8. Ground Nos. 3 & 4 are against sustaining the addition of Rs. 5,22,614 in respect of the payments made by cash credit card. Learned Counsel for the assessee reiterated the submissions as made in the written submissions. It is submitted that the assessing officer made addition of Rs. 5,22,614 being the credit card payments. It was submitted before the assessing officer that the assessee is a Director of M/s. Ispat International (P) Ltd. and the credit card has been provided to meet the expenses. The assessing officer disallowed the expenditure on the ground that the expenses are for the personal use. It is submitted that the credit card was allowed to be utilised by the Director of the company for the expenses to be incurred for and on behalf of the company. The complete details were filed. The expenses were debited in the books of the company. Since the amount has been paid by the company and debited in their books as the business expenditure, no addition can be made in the hands of the assessee. In support of this contention, a certificate from the company is also enclosed.

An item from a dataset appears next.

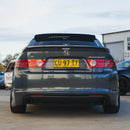 M Style Trunk Duckbill Spoiler For 2003-2007 Honda Accord Euro CL9 (UNPAINTED)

9. On the contrary, learned Departmental Representative opposed the submissions and supported the order of the authorities below. He submitted that pre-condition for allowance of any expenditure is that the assessee is required to demonstrate that so incurred expenditure is related to business of the company. Merely, a statement by the company that it has made the payments would not be sufficient. The assessee is required to prove such payments as business expenditure of the company with plausible evidences.

10. We have heard both the parties, perused the materials available on record and gone through the orders of the authorities below. We find that the assessing officer disallowed expenditure on the ground that expenses incurred do not relate to business of company. It may be true that on some occasions, the Director of the company incurs expenditure for and on behalf of the company but for allowance of such expenditure, it is incumbent upon the assessee to prove the nature of expenditure and purpose of the expenditure and correlate with the business of the company. In the present case, the assessee has merely made a bald statement. The ledger account belonging to the company so submitted speaks of cash credit which requires verification by the assessing officer, whether such expenditure had any link with the business of the company in which the assessee is a Director. We therefore, set aside this issue to the file of the assessing officer for a limited purpose to verify the link between the expenses and the business of the company where the assessee is the Director. In the event if the assessing officer finds that there is some relation with the business of the company and expenditure incurred by the assessee, he will allow such expenses and delete the addition to that extent. The ground Nos. 3 and 4 of assessee’s appeal are allowed for statistical purpose.

11. In the result, the appeal of the assessee is partly allowed.